Отец понял, кем был этот его оркестрант, и мысленно возблагодарил судьбу за то, что случай помог ему предстать в столь выгодном свете перед новыми хозяевами жизни.
Новые же хозяева гем временем издали указ, согласно которому все офицеры, служившие в рядах белой армии, должны были зарегистрироваться. Тем из них, кто не был замешан в особо злостных преступлениях против народа, новая власть клятвенно обещала сохранить не только жизнь, но и свободу.
И тогда другой оркестрант попросил у отца, как у человека, отчасти как бы даже близкого этой новой власти, дружеского совета. У него — сын. Юноша, совсем мальчишка. То ли прапорщик, то ли подпоручик. Служил он у Врангеля без году неделю. И вообще раньше он никогда военным не был, до всей это заварухи был студентом, ну, просто засосало его в эту воронку. Так вот, регистрироваться ему? Или, может, лучше затаиться? Пересидеть? Авось как-нибудь пронесет нелегкая…
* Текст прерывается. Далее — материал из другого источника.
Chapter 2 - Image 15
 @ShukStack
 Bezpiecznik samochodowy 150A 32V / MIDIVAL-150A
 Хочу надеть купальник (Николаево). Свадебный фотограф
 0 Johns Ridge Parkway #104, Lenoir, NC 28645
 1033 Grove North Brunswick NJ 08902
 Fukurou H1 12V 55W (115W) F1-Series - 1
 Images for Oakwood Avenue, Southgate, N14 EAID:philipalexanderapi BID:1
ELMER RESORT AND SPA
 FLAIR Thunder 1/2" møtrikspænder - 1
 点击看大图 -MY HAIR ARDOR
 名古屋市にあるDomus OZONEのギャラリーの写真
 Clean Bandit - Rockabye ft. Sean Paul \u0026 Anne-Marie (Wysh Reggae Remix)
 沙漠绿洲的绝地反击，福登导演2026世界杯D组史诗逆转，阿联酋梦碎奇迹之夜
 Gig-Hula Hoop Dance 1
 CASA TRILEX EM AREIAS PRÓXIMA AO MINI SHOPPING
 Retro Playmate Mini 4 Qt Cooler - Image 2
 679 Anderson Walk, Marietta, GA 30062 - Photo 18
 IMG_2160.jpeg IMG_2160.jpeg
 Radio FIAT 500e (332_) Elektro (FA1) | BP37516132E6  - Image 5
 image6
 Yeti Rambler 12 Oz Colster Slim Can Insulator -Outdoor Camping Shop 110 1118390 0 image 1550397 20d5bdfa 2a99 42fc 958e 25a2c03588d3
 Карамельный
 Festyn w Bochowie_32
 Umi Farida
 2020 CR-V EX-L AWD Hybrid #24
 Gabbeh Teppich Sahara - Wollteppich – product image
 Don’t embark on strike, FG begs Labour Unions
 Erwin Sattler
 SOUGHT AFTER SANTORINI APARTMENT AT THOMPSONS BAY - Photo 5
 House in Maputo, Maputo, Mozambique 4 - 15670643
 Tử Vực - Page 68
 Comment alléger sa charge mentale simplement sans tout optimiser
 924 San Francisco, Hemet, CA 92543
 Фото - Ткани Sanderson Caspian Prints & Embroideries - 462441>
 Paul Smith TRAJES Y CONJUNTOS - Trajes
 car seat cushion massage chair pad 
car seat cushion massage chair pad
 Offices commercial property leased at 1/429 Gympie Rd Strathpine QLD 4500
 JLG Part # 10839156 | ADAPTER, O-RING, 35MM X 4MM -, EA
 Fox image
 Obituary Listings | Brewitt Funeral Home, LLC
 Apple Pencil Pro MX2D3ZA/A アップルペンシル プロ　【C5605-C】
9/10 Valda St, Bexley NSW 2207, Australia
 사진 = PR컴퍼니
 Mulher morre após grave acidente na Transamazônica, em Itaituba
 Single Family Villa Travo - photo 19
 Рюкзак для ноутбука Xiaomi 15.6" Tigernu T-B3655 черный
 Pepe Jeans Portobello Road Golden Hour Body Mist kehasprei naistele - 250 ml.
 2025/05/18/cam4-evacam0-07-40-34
Отец подумал и посоветовал зарегистрироваться. А то, не дай Бог, узнают… Кто-нибудь донесет — еще хуже будет…
Но хуже того, что случилось, ничего быть не могло.
Мальчик честно пошел и зарегистрировался. И был расстрелян. Вместе с тремя десятками тысяч других офицеров, отказавшихся эвакуироваться с остатками армии Врангеля. (Это был тот самый знаменитый расстрел, приказ о котором издали две бешеные собаки, вершившие суд и расправу тогда в Крыму, — Бела Кун и Землячка.)